ATTLEBORO — The city’s conservation commission has imposed an “enforcement order” on the public works department in response to the damage DPW crews did on the banks of the Ten Mile River last week.
According to Conservation Agent Nick Wyllie, DPW workers clear-cut an estimated 10,000 square feet of land along the Ten Mile, near the Lamb Street Bridge, in violation of the state’s wetland protection law and the city’s wetland protection ordinance.
The commission on Wednesday night ordered the DPW, headed up by Mike Tyler, to “stabilize” within 10 days a section of the riverbank dug up by heavy equipment.
In addition, it ordered that DPW work with Wyllie to come up with a restoration plan prior to the commission’s first meeting in March, about a month away.
Chairwoman Missy Riley told Tyler she believed him when he said the damage was done “without malicious intent,” but said the department must adhere to the same regulations as everyone else.
Any work done within 200 feet of a wetland must under state law be supervised by the commission. In addition, the city has a 25-foot “no disturb zone” that is also regulated by the commission.

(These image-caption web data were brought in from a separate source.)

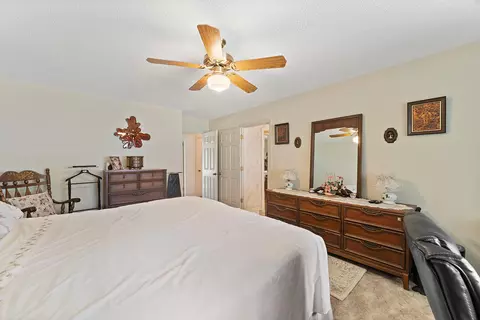 Bedroom - 4559 Scarlet Dr, Crestview, FL 32539 photo 7 of 7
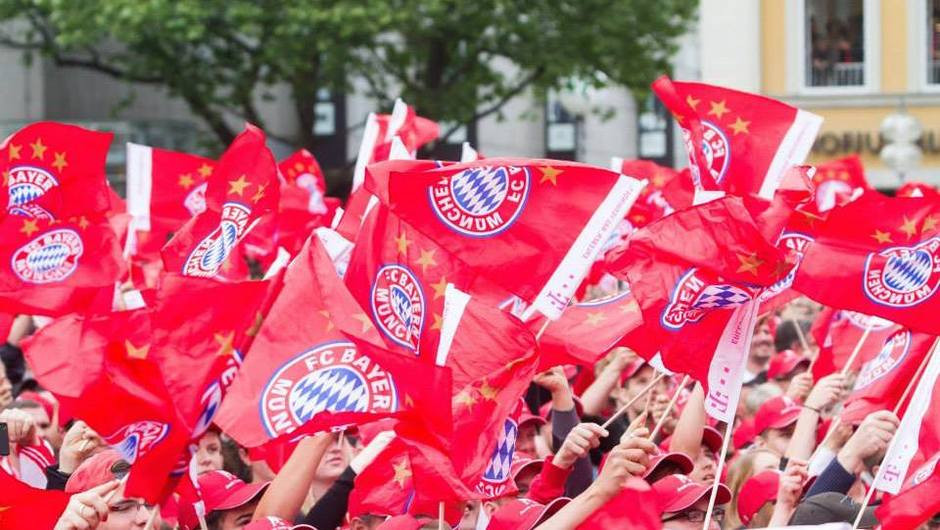Triumphant FC Bayern Munich raise Bundesliga trophy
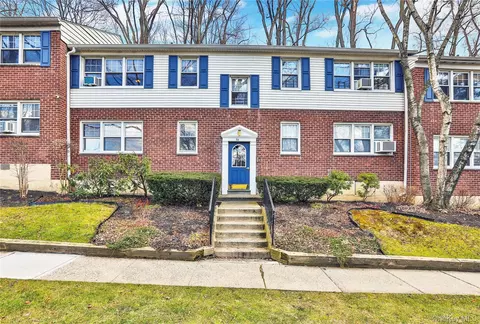 38 Underhill Ave #2A, Harrison, NY 10604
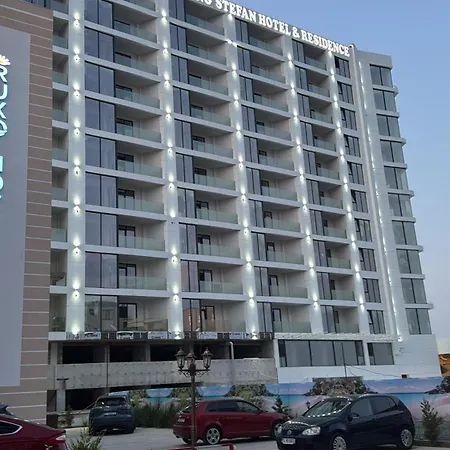 Royal Princess In Noble By Building Stefan Apartament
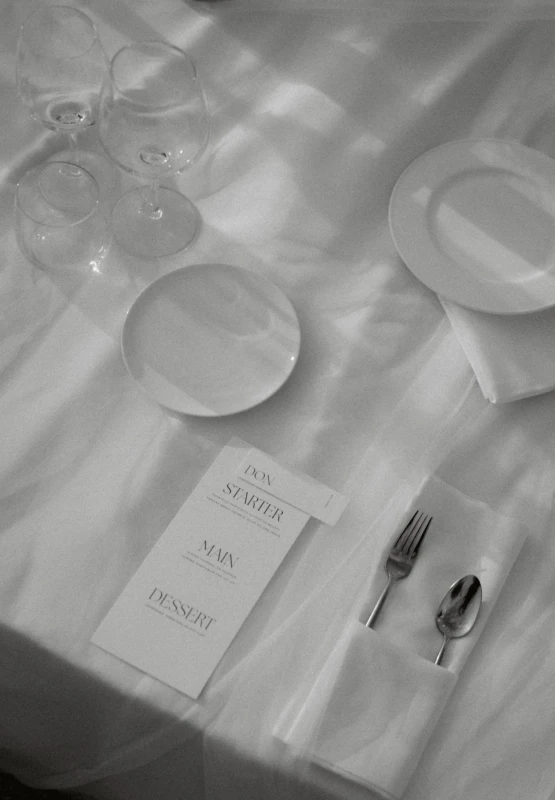 A Timeless Wedding for Eva and Taylor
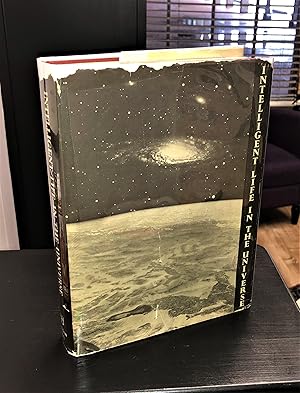 Imagen del vendedor de Intelligent Life in the Universe [first edition] a la venta por Forgotten Lore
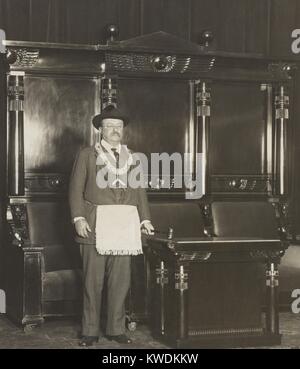 Theodore Roosevelt, der Master Mason, auf einem Foto in Spokane, Washington, 1912. Er trägt ein Maurer Schürze, ein Verweis auf die alten Steinmetze, der mens Beliebte brüderliche Organisation (BSLOC 2017 8 55) Stockfoto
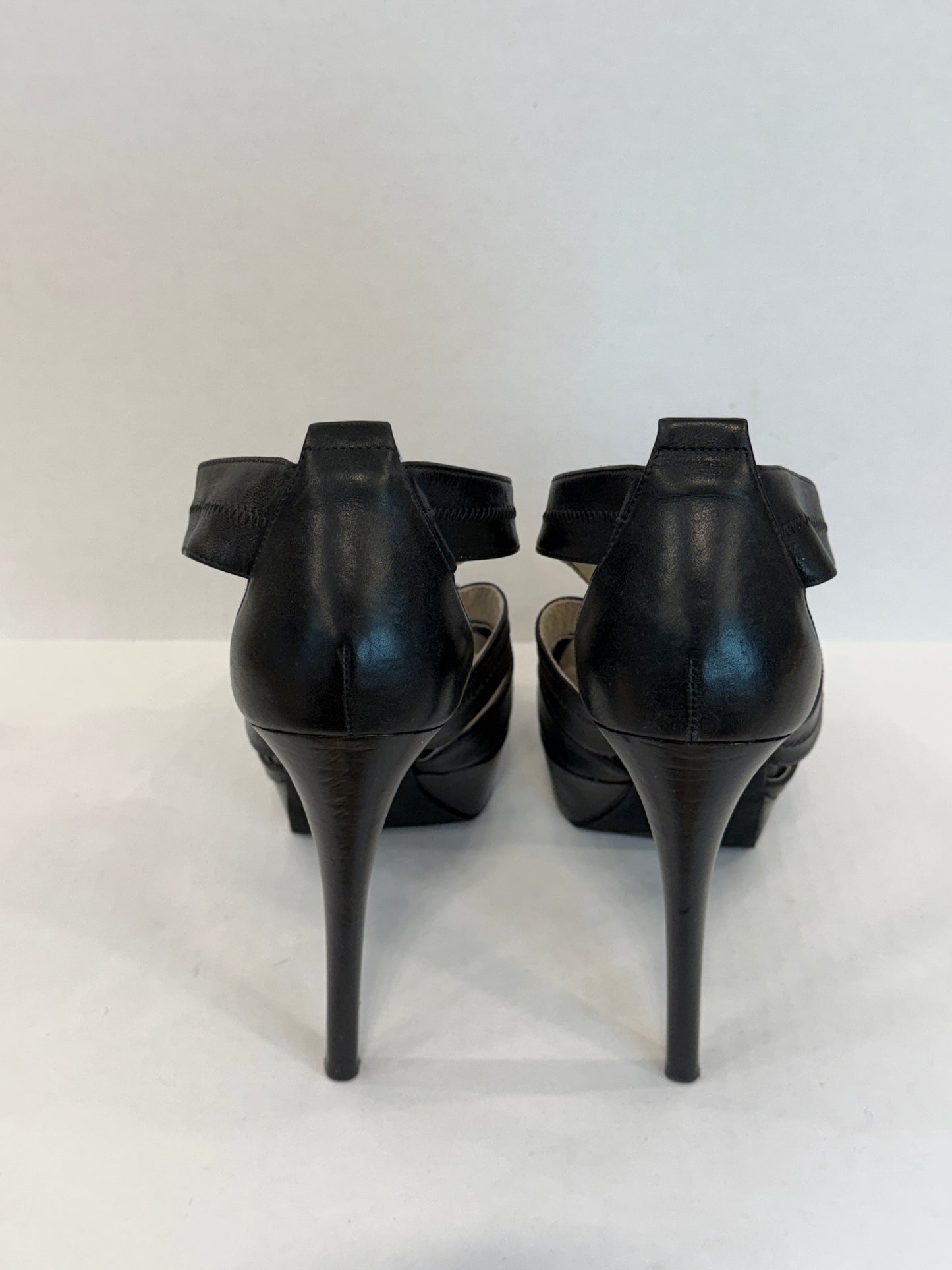 MICHAEL MICHAEL KORS Berkley Platform Sandals Front Zipper/US8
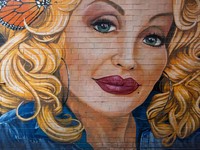 Bintang musik country Amerika, Dolly Parton, tampil di Pyramid Stage di Worthy Farm, Somerset, dalam acara Glastonbury Festival pada 29 Juni 2014. (REUTERS/Cathal McNaughton)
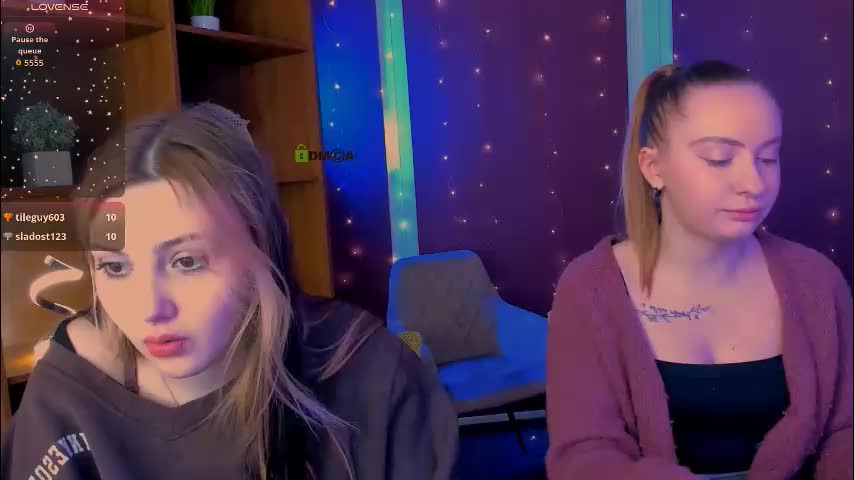 mila_glow Live Sex December 17, 2025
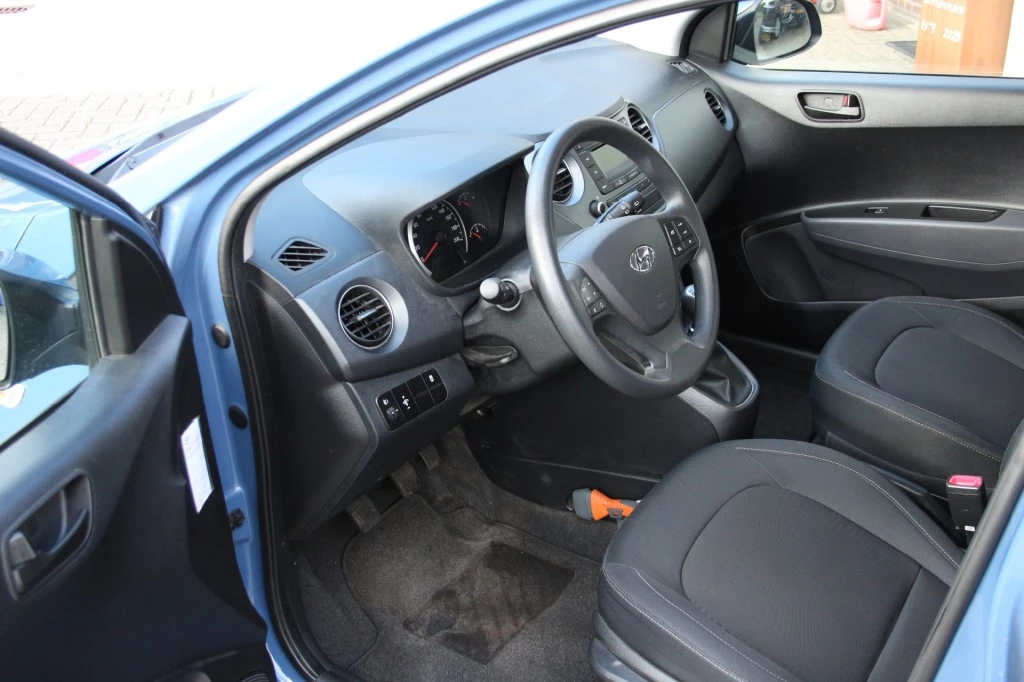 Hoofdafbeelding Hyundai i10
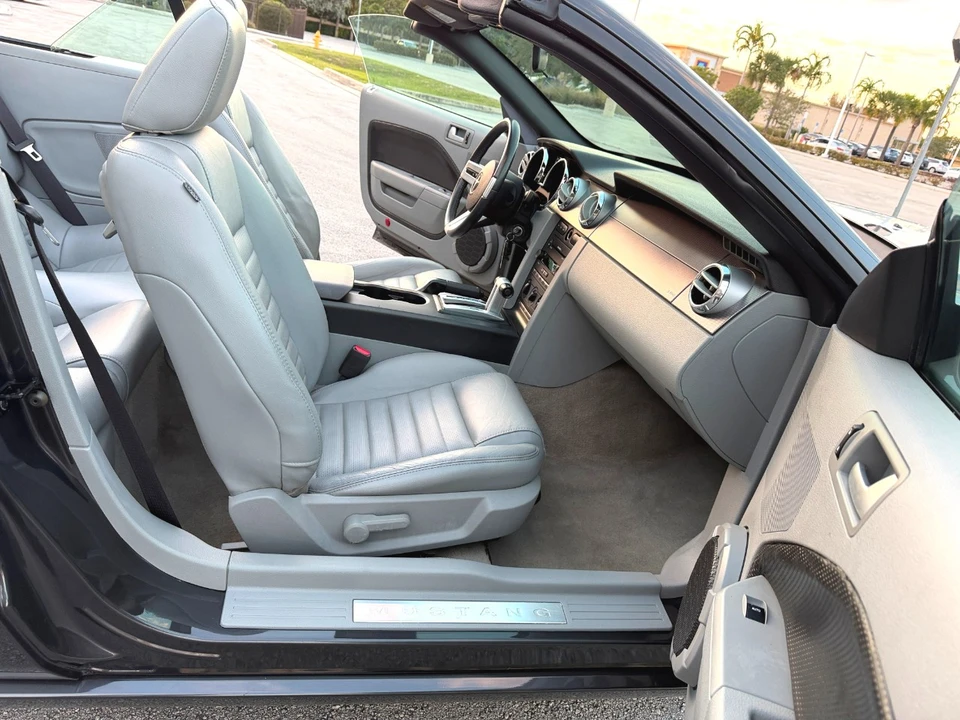 2007 Ford S197 Mustang - Image 16 of 21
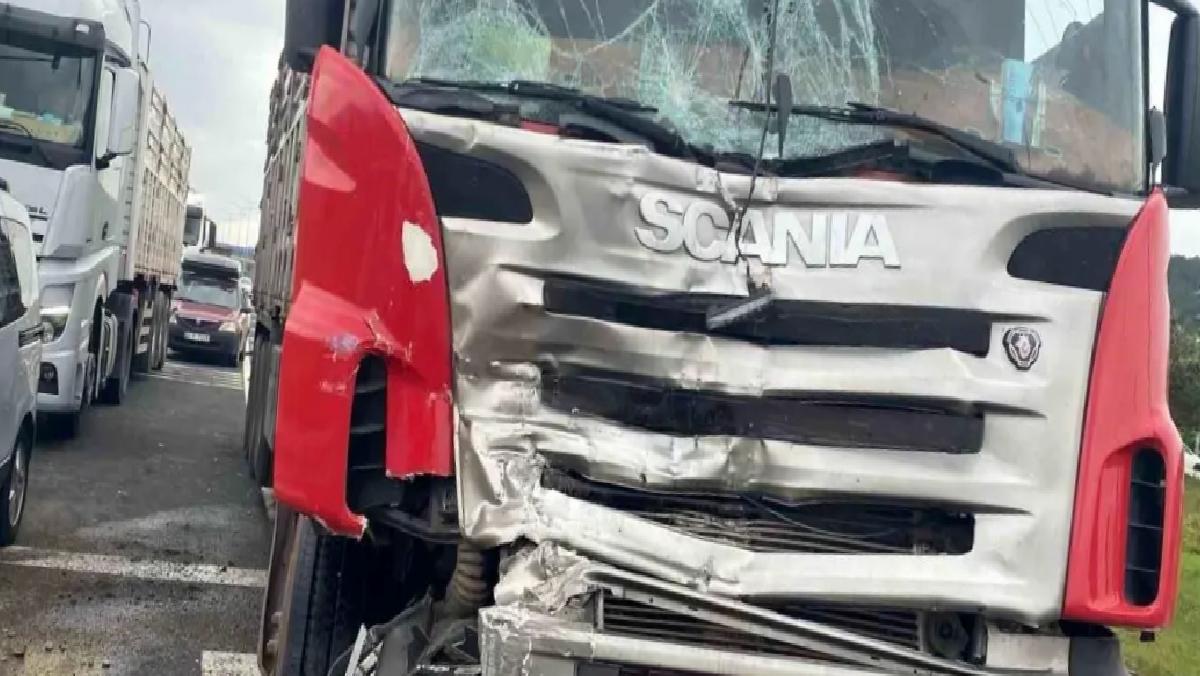 Bolu’da Tır-Kamyonet Kazası: 1 Yaralı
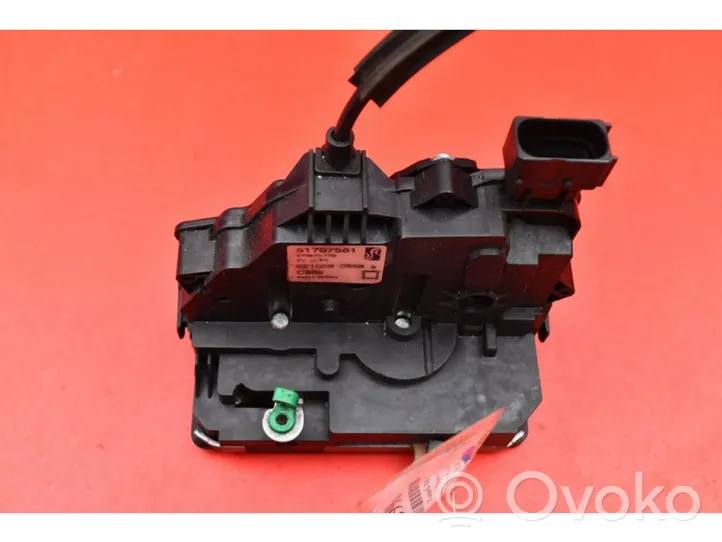 Fiat Punto (199) Serrure de porte avant 51797561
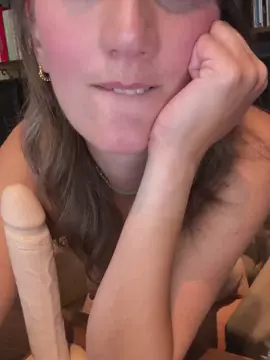 Badassbelle  live sex cam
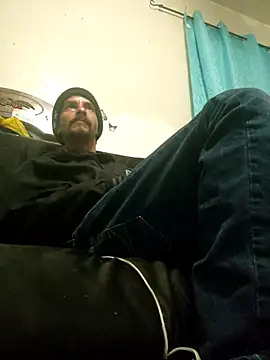 Snapshot of LongDickZee562 chatting on December 24, 5:27 am LongDickZee562 online show from December 24, 5:27 am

Most violations are committed by private citizens who do not have knowledge of the law, Riley said.
“It’s very unusual for the city to come to us with a violation,” she said.
Tyler said his department was unaware of the restrictions when it “took advantage of a non-snowy winter” to clean the banks and river of trash and other debris.
The banks were stripped of all trees and brush from the edge of the river back from 5 to 15 feet, Wyllie said.
Tyler took the blame, saying he failed to consult with Wyllie as he has in the past when working near other wet areas.
Riley said the restoration must be done as soon as possible, noting that new plantings can’t take place until warmer weather.
“What we do is ask violators to remediate in an expedient fashion,” she said. “If it’s not, then we start with fines.”
Failure to comply results in fines of $300 a day.
However, the likelihood of the commission imposing fines seems remote.
Tyler said the work will be done.
“It will be a priority for my department,” he told the commission.